The data =

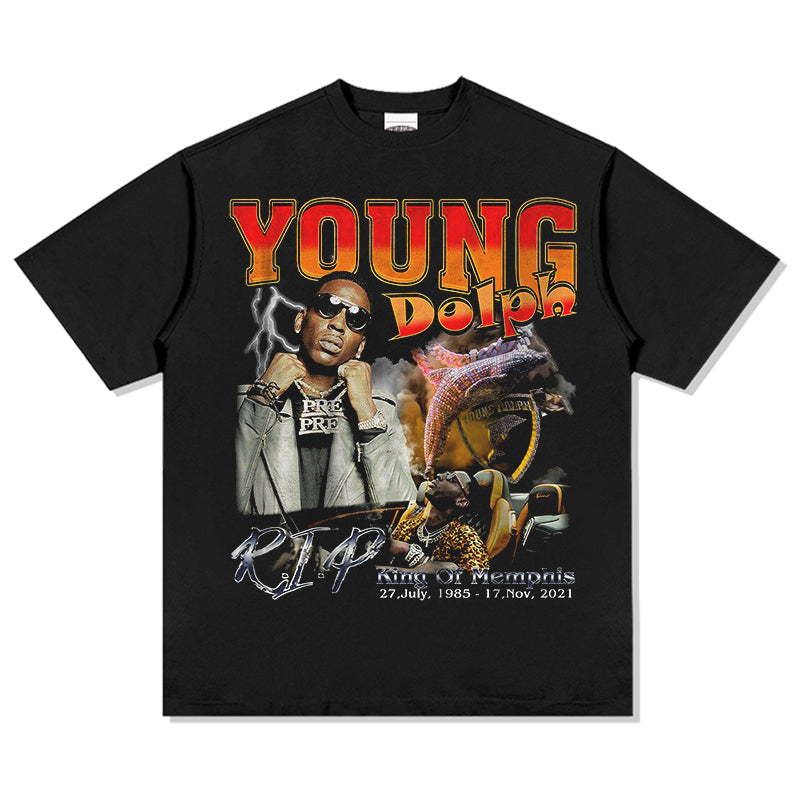 Young Dolph T-Shirt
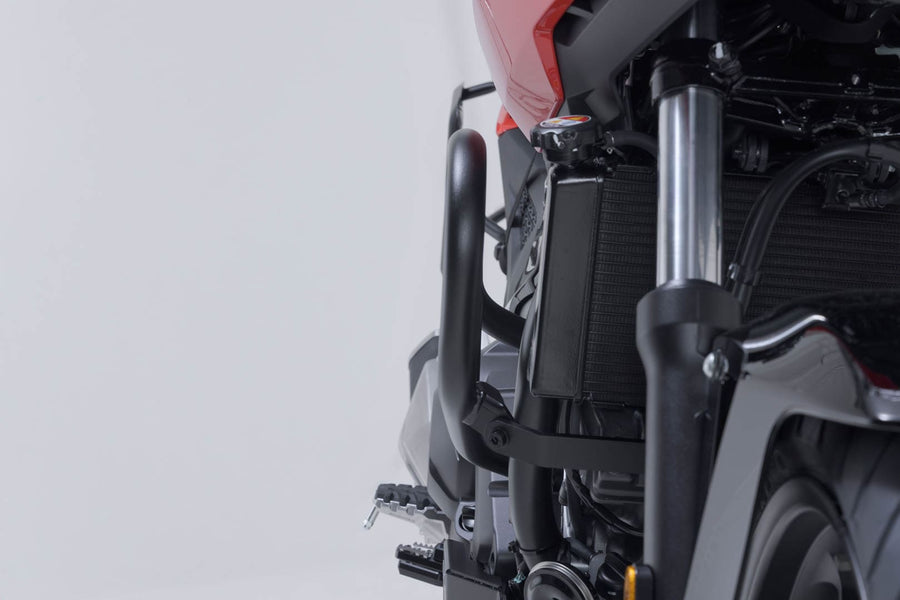 Honda NC 750 S [2015-2020] - Barre de protection – photo 3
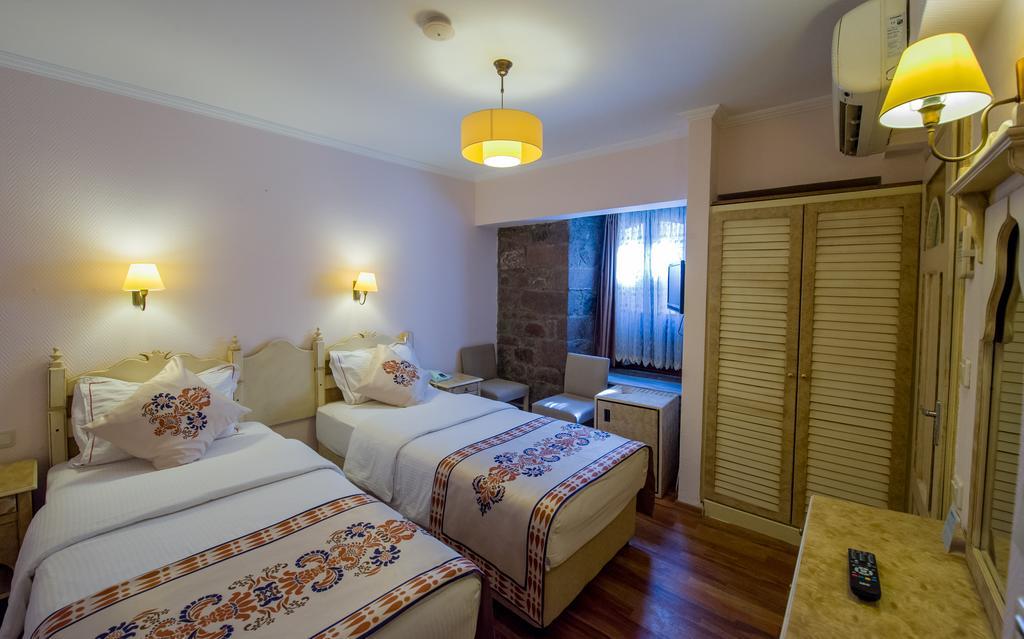 Assos Nazlihan Hotel - Special Category الغرفة الصورة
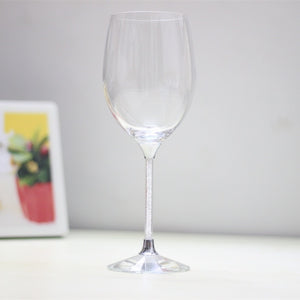 2017 crystal toasting wine glasses personalized wedding wine glass birthday and lovers gifts bar drinking glassware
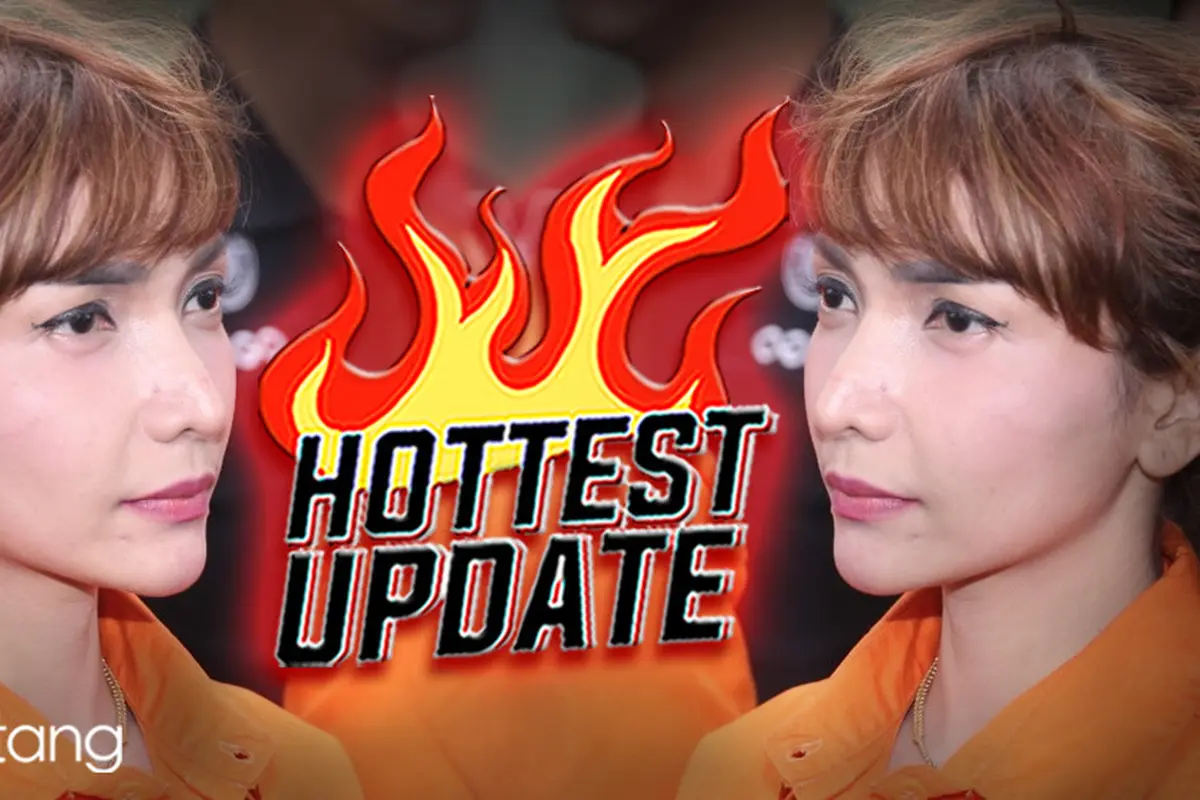 [Bintang] HL Hottest Update Roro Fitria 2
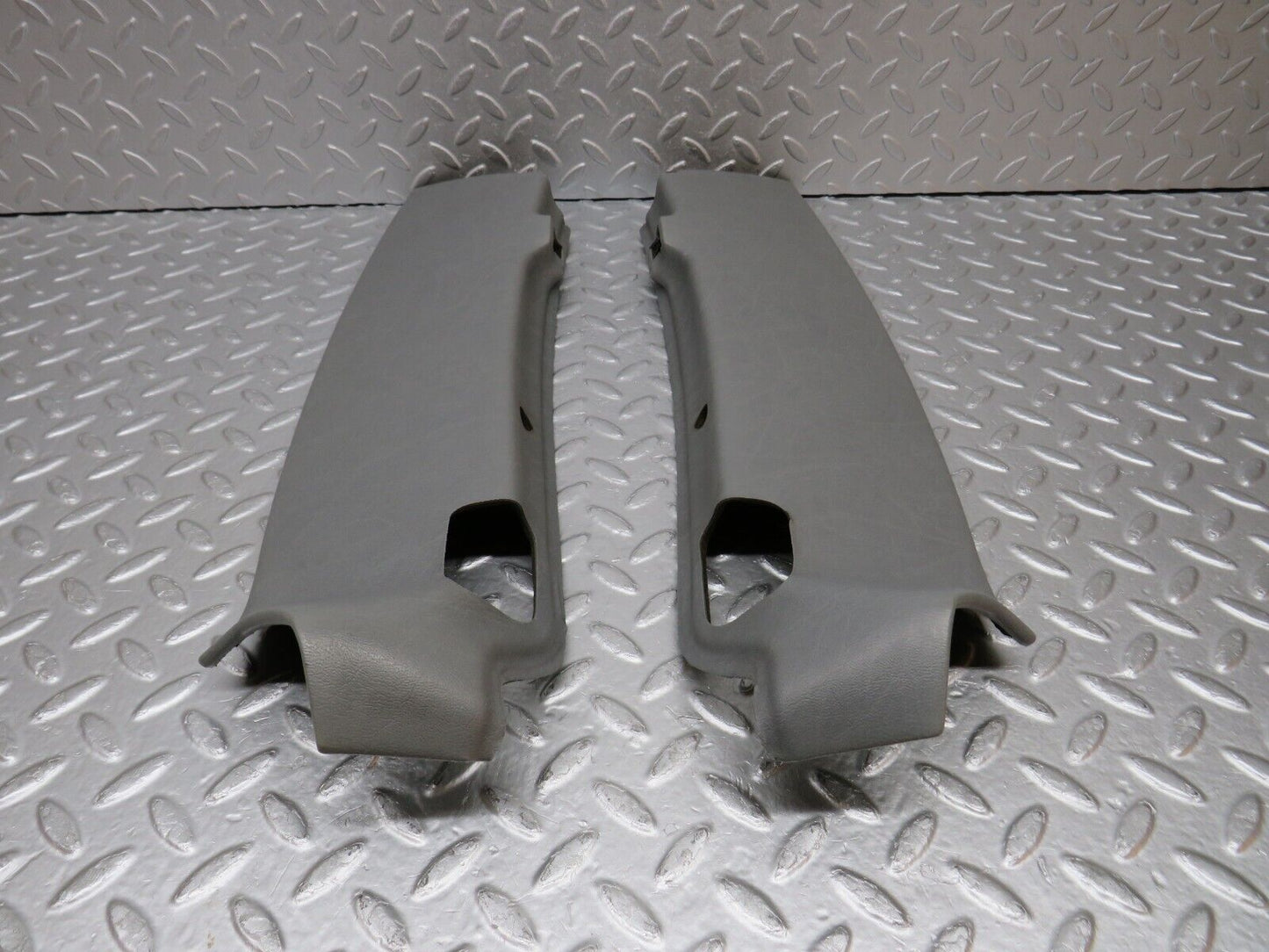 39346 Mercedes-Benz R129 320SL Coupe Roof Headlining Panel Grey 1296900225 1296900125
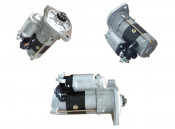 Starter Motor 28100-E0080 03655020017 for HINO J08C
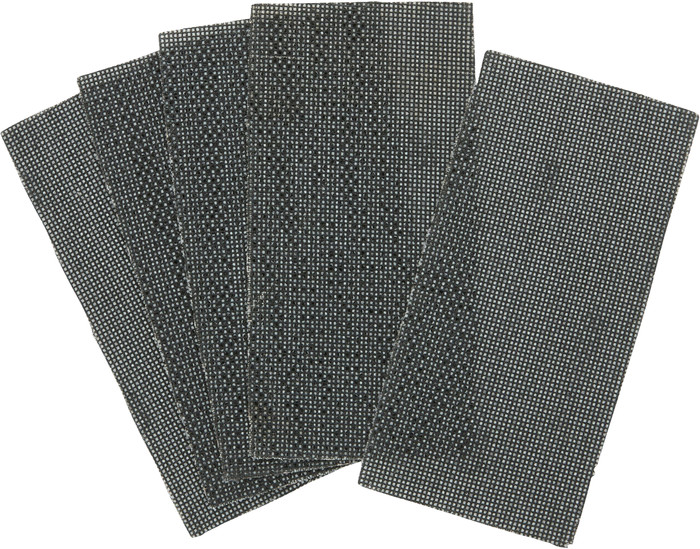 Irwin Schuurgaas 1/3 Vlakschuur 190x93 mm K240 (5x) Main Image
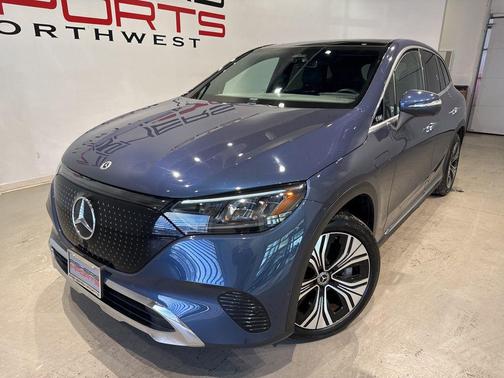 2023 Mercedes-Benz EQE 350 4MATIC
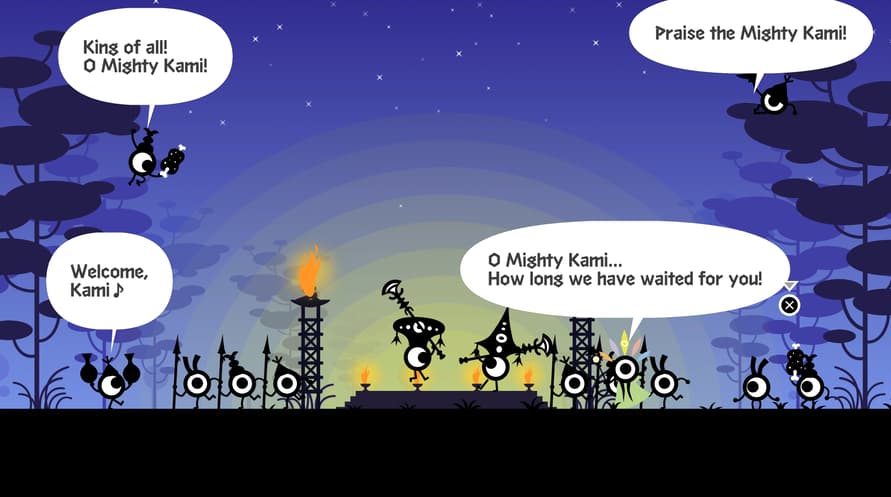 PATAPON 1+2 REPLAY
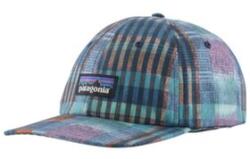 Patagonia P-6 Label Trad Cap Capac Melt Away: Still Blue
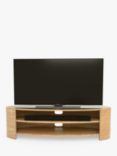 Tom Schneider Elliptic Deluxe 140 TV Stand for TVs up to 60"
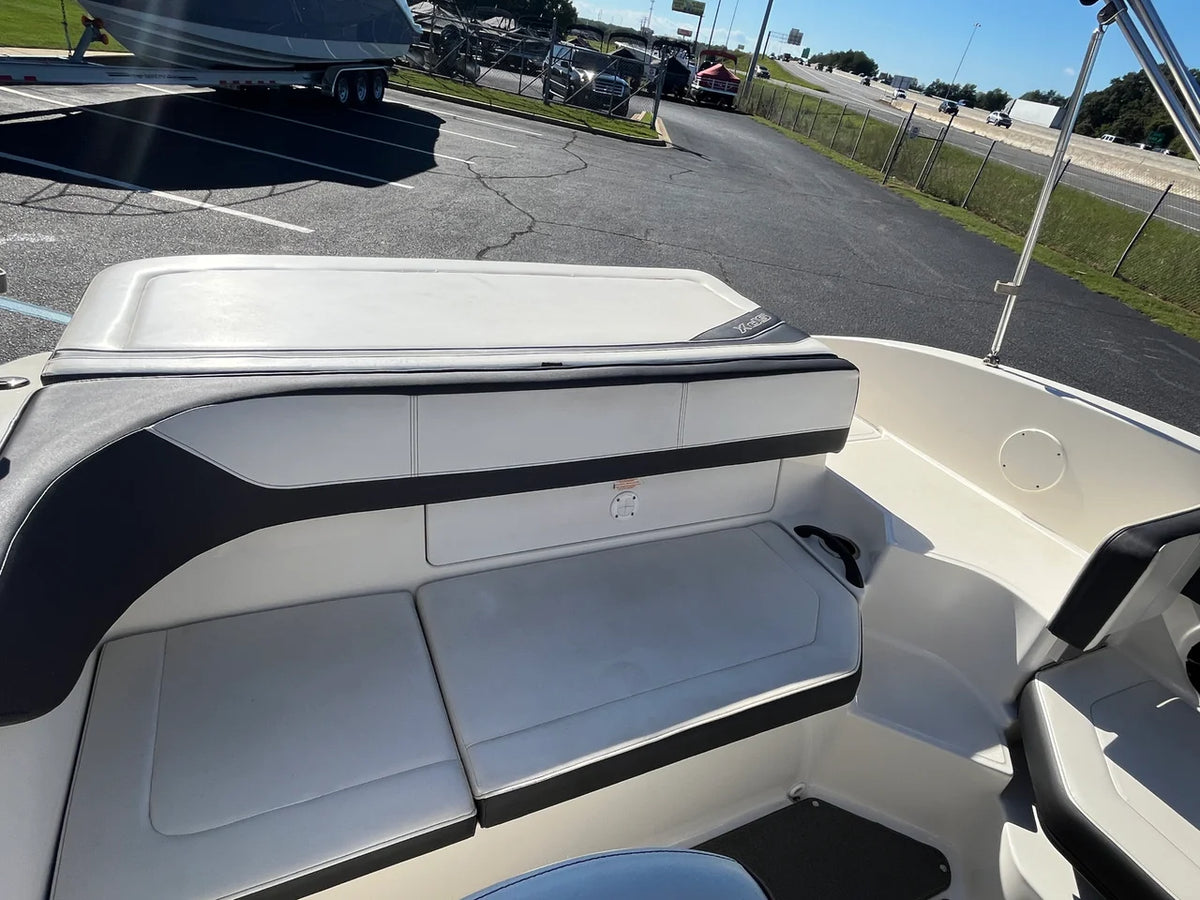 2016 Sea Ray 190 SPX 19.0 feet, Greenville, SC #22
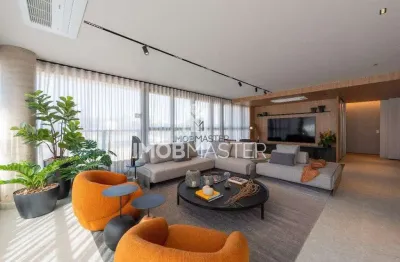 Apartamento com 3 quartos à venda na Rua Henrique Martins, Jardim Paulista, São Paulo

What to work on =
Retype the lines exactly. Begin at the one that holds "Starter Motor 28100-E0080", stop at the last line of the entries above, and drop the pictures.

Expected answer =
 Starter Motor 28100-E0080 03655020017 for HINO J08C
 Irwin Schuurgaas 1/3 Vlakschuur 190x93 mm K240 (5x) Main Image
 2023 Mercedes-Benz EQE 350 4MATIC
 PATAPON 1+2 REPLAY
 Patagonia P-6 Label Trad Cap Capac Melt Away: Still Blue
 Tom Schneider Elliptic Deluxe 140 TV Stand for TVs up to 60"
 2016 Sea Ray 190 SPX 19.0 feet, Greenville, SC #22
 Apartamento com 3 quartos à venda na Rua Henrique Martins, Jardim Paulista, São Paulo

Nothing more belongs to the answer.